Friday, August 29, 2008

Why Midwifery?

Some people might wonder why we're using a midwife instead of a traditional OB/GYN. One reason is I'm not very traditional. I'm a simple person when it comes to health care. Other than managing my asthma which is fairly mild at this point in my life, I lead a healthy life (eat organic "whole foods" as much as possible, exercise frequently, don't smoke) and usually go to my primary care physician once a year. I rarely use over-the-counter and prescription medications (as needed for my asthma). A drug-free kind of child birth fits my model of health care and midwifery seems like a natural fit. I could go "natural" with an OB/GYN, but the traditional medical model is potentially a lot more intrusive than I want. "You could have complications so let's check on everything rather than seeing me as a normal pregnant person."

Having said all that, it has been fascinating working with the West End Women's Health Center because it seems like a compromise of traditional midwifery and traditional obsterics practices. Throughout June and July I read Ina May Gaskin's Guide to Childbirth which basically tells the story of midwifery. Ina May is famously known from the midwifery practice at The Farm in Summertown, TN. I heard about The Farm often as a child of the 70's & 80's because one of my mom's good friends was a resident and currently is a midwife/instructor in Knoxville, TN. I have always had a positive association with The Farm and its values/tenets of living in community.

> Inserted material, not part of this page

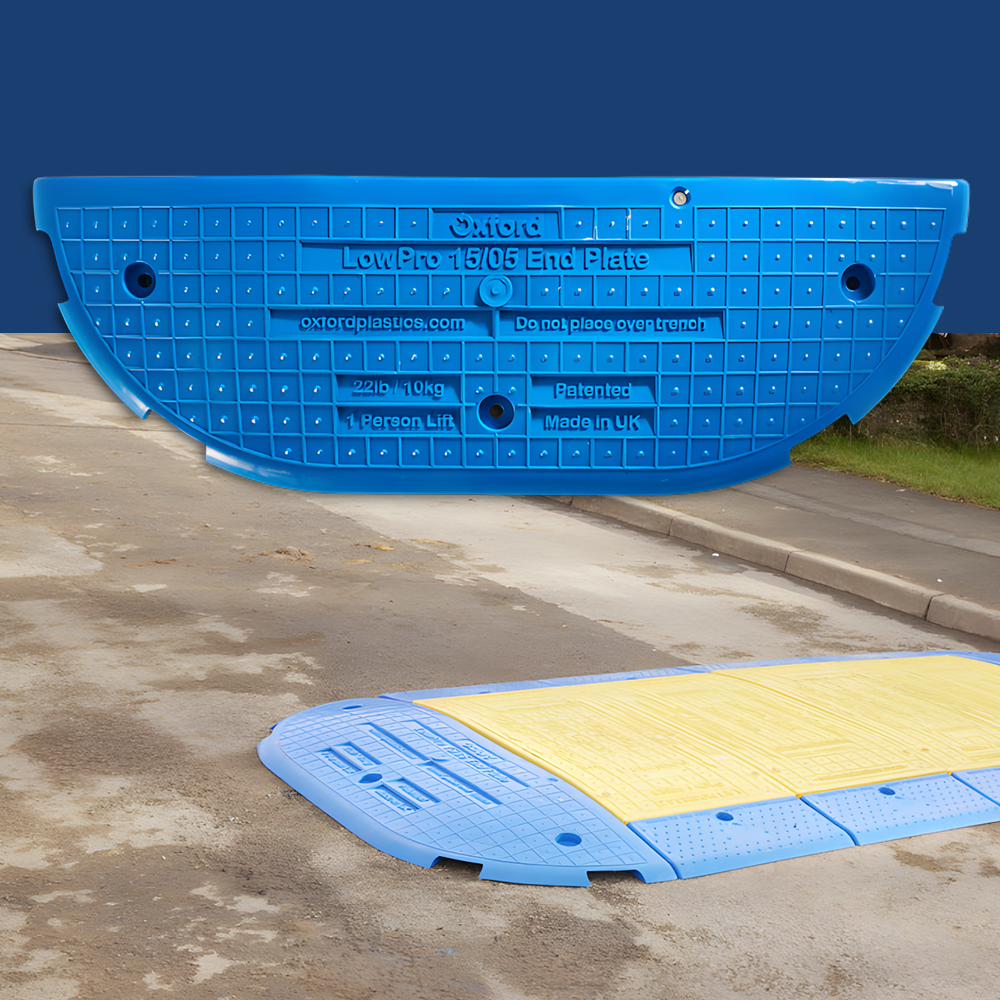 A composite image displaying the blue LowPro 15/05 End Plate in the foreground, with a demonstration of the plate installed in an outdoor urban setting, illustrating its usage over a trench or utility access.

However, I didn't know much more about midwifery and this book is very informative and confirms my beliefs about how I want my child birth experience to be. Even at my AMA (advanced maternal age) I am not interested in having many of the diagnostic tests performed and that has been somewhat in conflict with SOP (standard operating procedure) even at WEWHC which surprises me. These tests used to be done for a specific medically driven concern - older age of mother, family history of genetic disorder, or some other genuine reason. With technological and medical developments as well as fear of malpractice, it seems like these tests have become standard and expected for all rather than rare and only truly necessary for a few.

Pregnancy and child birth are a normal part of life; women have been having children for centuries with the assistance of midwives. Actually outside of the United States, midwifery is much more common - something like 90% of women in the world use a midwife, only 5-10% use a different model. In the US, it is the opposite - only about 5-10% of American women use a midwife and most of those are affiliated with a hospital. Ironically that reminds me of the issue of last names when a WOMAN gets married. About 8% of women retain her "maiden" last name or hyphenate - 92% change to her husband's (in a heterosexual model). Once again I'm a non-traditionalist!

There is the convenience of insurance connected with using the WEWHC versus giving birth at The Farm or at home. It is still significantly cheaper to give birth using a midwife, even at the hospital - so I'm told by the WEWHC office manager. However, these lab tests cost money (someone pays for it) as well as being intrusive, possibly painful and potentially harmful to the fetus in addition to any emotional and mental anguish depending on the results.

At the end of my most recent visit to the midwife (not Soheyl again), she mentioned that at my next visit (28 weeks) I would have the test done for gestational diabetes. I said that I wasn't going to do the test and she looked up, seemingly surprised and said "not at all." I didn't understand that comment because I thought you have it or you don't. I said "not at all." Then she said she'd leave a note for my primary midwife who would prepare something for me to sign stating that I was declining the test. Interestingly enough it wasn't presented as a possible test to take and here's some information about why or why not to do it. It was presented as a standard test to have done.

I've read about the test - I don't have any of the symptoms. I haven't had fast weight gain, I don't eat much processed foods, I exercise, I don't have a family history of diabetes, and I eat because I'm hungry. Also I don't want to drink some sugary gunk, wait for an hour for them to take some blood and see if my blood sugar is high. That isn't natural!

I am happy with the WEWHC in general. When I asked the midwife about Labor & Delivery at Vanderbilt - can you move around, what kind of fetal monitoring is used, can you eat & drink, what about bath/showers, limits on labor time before induction, how do they feel about a birth plan, having people at the delivery, etc. - I received pleasing and comforting answers. The number of C-sections performed is low and there isn't pressure to get an epidural; it sounds like a more relaxed attitude about natural child birth which I would expect with midwifery.